CONTENT AND STRUCTURE BASED CLASSIFICATION OF XML DOCUMENTS

SHASHIREKHA H.L.1*, VANISHREE K.S.2, SUMANGALA N.3
1Dept. of Computer Science, Mangalore University, Mangalore, Karnataka, India,
2Dept. of Computer Science, Govt First Grade College, Sikaripura, Karnataka, India.
3Dept. of MCA, St Joseph Engineering College, Mangalore, Karnataka India.
* Corresponding Author : hlsrekha@gmail.com

Received : 06-11-2011     Accepted : 09-12-2011     Published : 12-12-2011
Volume : 3     Issue : 4       Pages : 376 - 380
Int J Mach Intell 3.4 (2011):376-380
DOI : http://dx.doi.org/10.9735/0975-2927.3.4.376-380

Conflict of Interest : None declared

Cite - MLA : SHASHIREKHA H.L., et al "CONTENT AND STRUCTURE BASED CLASSIFICATION OF XML DOCUMENTS." International Journal of Machine Intelligence 3.4 (2011):376-380. http://dx.doi.org/10.9735/0975-2927.3.4.376-380

Cite - APA : SHASHIREKHA H.L., VANISHREE K.S., SUMANGALA N. (2011). CONTENT AND STRUCTURE BASED CLASSIFICATION OF XML DOCUMENTS. International Journal of Machine Intelligence, 3 (4), 376-380. http://dx.doi.org/10.9735/0975-2927.3.4.376-380

Cite - Chicago : SHASHIREKHA H.L., VANISHREE K.S., and SUMANGALA N. "CONTENT AND STRUCTURE BASED CLASSIFICATION OF XML DOCUMENTS." International Journal of Machine Intelligence 3, no. 4 (2011):376-380. http://dx.doi.org/10.9735/0975-2927.3.4.376-380

Copyright : © 2011, SHASHIREKHA H.L., et al, Published by Bioinfo Publications. This is an open-access article distributed under the terms of the Creative Commons Attribution License, which permits unrestricted use, distribution and reproduction in any medium, provided the original author and source are credited.

Abstract

The ever increasing amount of XML documents available on the World Wide Web demands automated tools and techniques that would make the search and retrieval of XML documents more effective and efficient. Classification of XML documents is one of the significant tasks which are being explored by many researchers in this direction. Due to the presence of inherent structure in the XML documents, conventional text classification methods cannot be used to classify XML documents directly. Hence, there is a need for the development of tools and techniques that automatically classifies XML documents. In this work, we have developed an algorithm based on ‘k’ nearest neighbors to classify XML documents by considering both the content and structure. The developed algorithm is tested on a subset of MEDLINE dataset for different values of ‘k’ and varying size of training set and the results are tabulated.

Keywords

XML documents, text classification, ‘k’ nearest neighbors, cosine similarity, tree structure.

Introduction

XML documents are gaining significant importance as it is considered as a standard for data representation and management on the Web. The ever increasing amount of XML documents on the WWW demands the automated tools and techniques that would make the search and retrieval of XML documents more effective and efficient [6,13] . In contrast to traditional information retrieval systems that deal with flat documents, XML retrieval systems must also take the logical structure of documents into account as every XML document includes both logical and physical structure [1,2,8] . The logical structure is like a template that entitles the elements to be included in a document and in the order in which they have to be included. Further, it refers to the organization of different parts of a XML document and indicates how a document is built, as opposed to what a document contains. The physical structure contains the raw data which is composed of all the content used in that document. As a result, in addition to the raw text (pure content), the structural information contained in XML documents serves as a valuable information source for document representation.
XML documents which belong to the class of semi-structured documents [2] have some implicit structure that is generally followed, but not enough of a regular structure to “qualify” for the kinds of management and automation usually applied to structured data.
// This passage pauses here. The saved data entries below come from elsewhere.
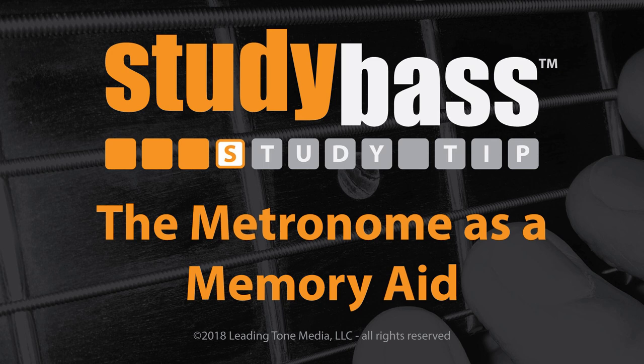Study Bassers! One of the most powerful learning tools that musicians have is the metronome. But its real teaching strength is not what a lot of people expect. First, in case you don't know what a metronome is, it's a device that clicks at specific time intervals, and they're measured in beats per minute.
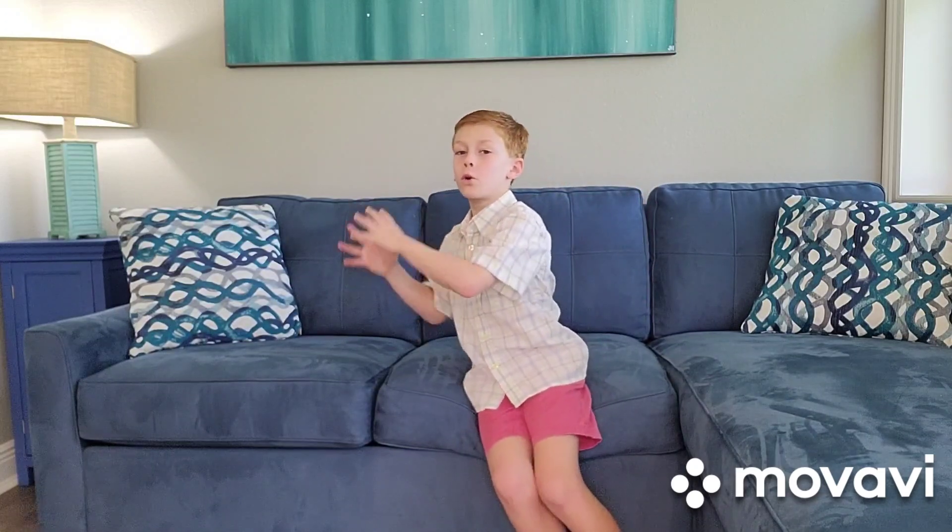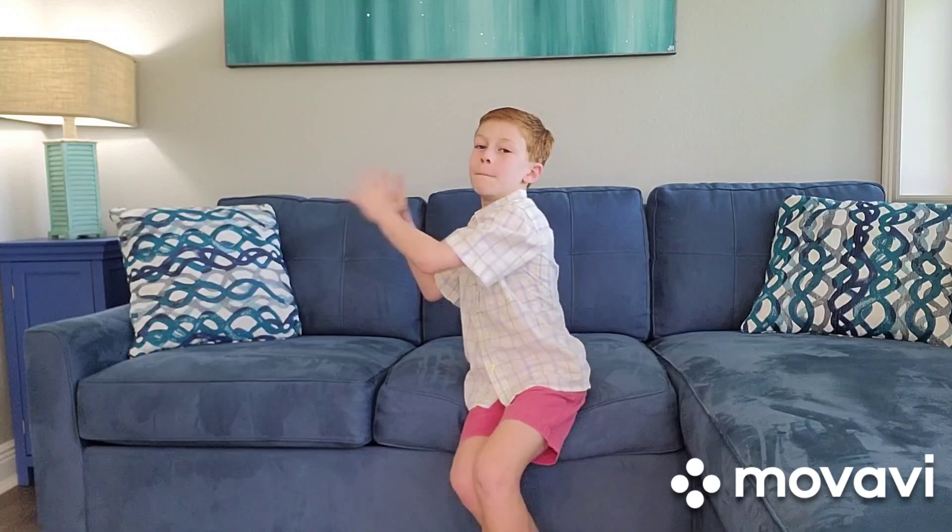Let's do it three more times. May, me, my, mo, moo. Two more times left. May, me, my, mo, moo. One more time. May, me, my, mo, moo. Good job everybody.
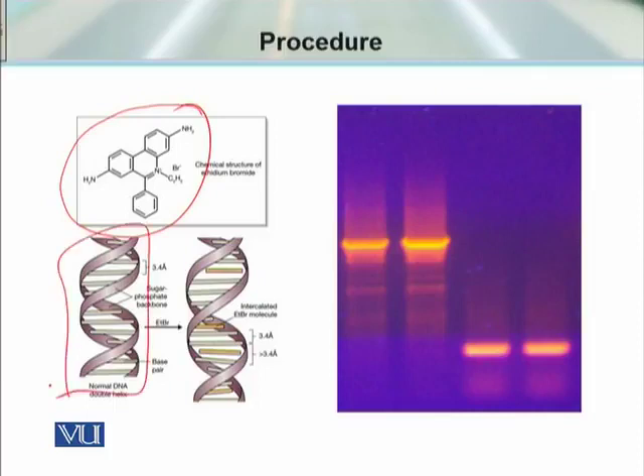When we mix ethidium bromide with double-stranded DNA, the ethidium bromide takes its position within the double-stranded DNA. The more double-stranded DNA present, the more ethidium bromide intercalates into it. When we expose this sample to UV light, we see these kinds of fluorescent bands.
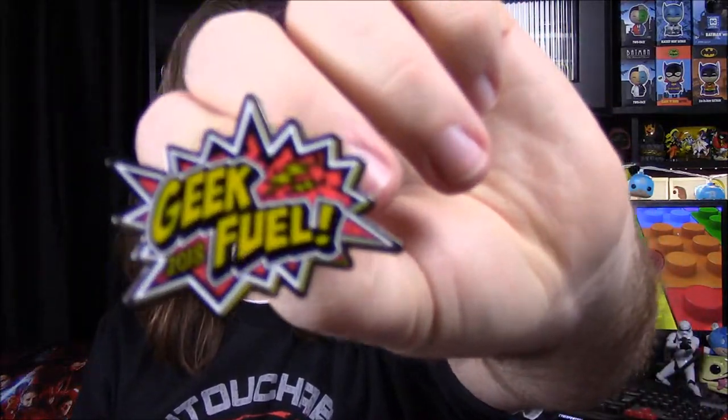First off we have a lanyard or something maybe. It's got Geek Fuel all over, it says monthly mystery box, and it has a keychain thing. I don't know if this is just to celebrate the new year or if it's like a birthday for them. It's really fat to be a lanyard, but you could still wear it around your neck. It also comes with a pin that says Geek Fuel 2018 — the same design as the box but in pin form. It seems like a little celebration type thing or just to share Geek Fuel stuff.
While there is no strict formatting rule; there is enough regularity that some interesting information can be extracted. There are two different views of XML documents: the document-centric view and data centric view [8] . While document-centric XML documents has a much more irregular structure and is often encountered as the means of document markup, data-centric XML documents are characterized by a fairly regular structure and occur as a standard format for data exchange and representation of semi structured data.
With the increase in XML documents, researchers are now focusing on applying the typical text mining tasks such as text classification, text clustering, concept/entity extraction, document summarization and other related tasks on XML corpus which otherwise are applied on flat documents [1,7,9,14,16,17-18] . In this research work, our objective is to throw light upon the classification of XML documents. As XML documents are basically text documents containing the content and structure information, they can be classified based on i) content only [10,13] ii) structure only [14] and iii) a combination of both structure and content [9,17-18] . A natural tendency for content based XML document classification would be to use conventional text classification approaches where each XML document could be treated as Bag-Of-Words (BOW) [7] . This approach is not an efficient one as it totally ignores the structural component of XML documents; thereby defeating the whole purpose of XML documents itself. The second method which is based on structure generally model XML documents as labeled trees, where the interior nodes represent the XML tags and the leaf nodes represent the content. Similarities between the XML documents are then found by computing the edit distance between the labeled trees. Besides structure, contents also have a major role to play in XML documents which is ignored in this approach. As the XML documents are made up of both structure and content it is quite natural to give equal importance for structure and content (method 3) rather than considering only either of them. Hence, in this work, we have developed a XML document classifier considering a combination of both structure and content based on k-nearest neighbors. The rest of the content is organized as follows: Section 2 highlights the research work that is carried out in the related field. Our methodology is discussed in section 3 and experimentation and results are discussed in section 4. Finally the paper concludes in section 5.

Related work

With the increase in XML documents, researchers are exploring many methods for their classification. While some approaches extend the traditional information retrieval methods [7,10] , some other are based on tree edit distance method where XML documents are represented as labeled trees and the distance between the documents is defined as the edit distance between the labeled trees [14] . Some of the research works on classification on XML documents are briefly summarized. The approach proposed by Abdelhamid [1] discovers the structural and content characteristics shared by XML documents of the same class. This approach based on k-nearest neighborhood algorithm relies on edit distance measures which consider both the content and structure of XML trees with structure bearing more weight than content. A bottom up approach for XML classification introduced by Junwei Wu [9] gives more weights to content of the XML documents. It is a similarity based method which begins with the content represented as leaf nodes and then the structural information is embedded. A methodology for indexing and retrieval from XML document is proposed in [12] where the structure information is represented using attributes so that the structure of the document can be expanded further. During indexing or retrieval, the attributes are converted into elements for which the existing systems can be used and indexing is made hierarchically. Mohammed J. Zaki and etal., [14] have proposed a rule based classifier XRules that uses Bayesian rule for decision making where XML documents are modeled as ordered rooted labeled trees. During classification, the rules relevant to a test document are identified and the statistics of the matched rules are used to predict the category of that document.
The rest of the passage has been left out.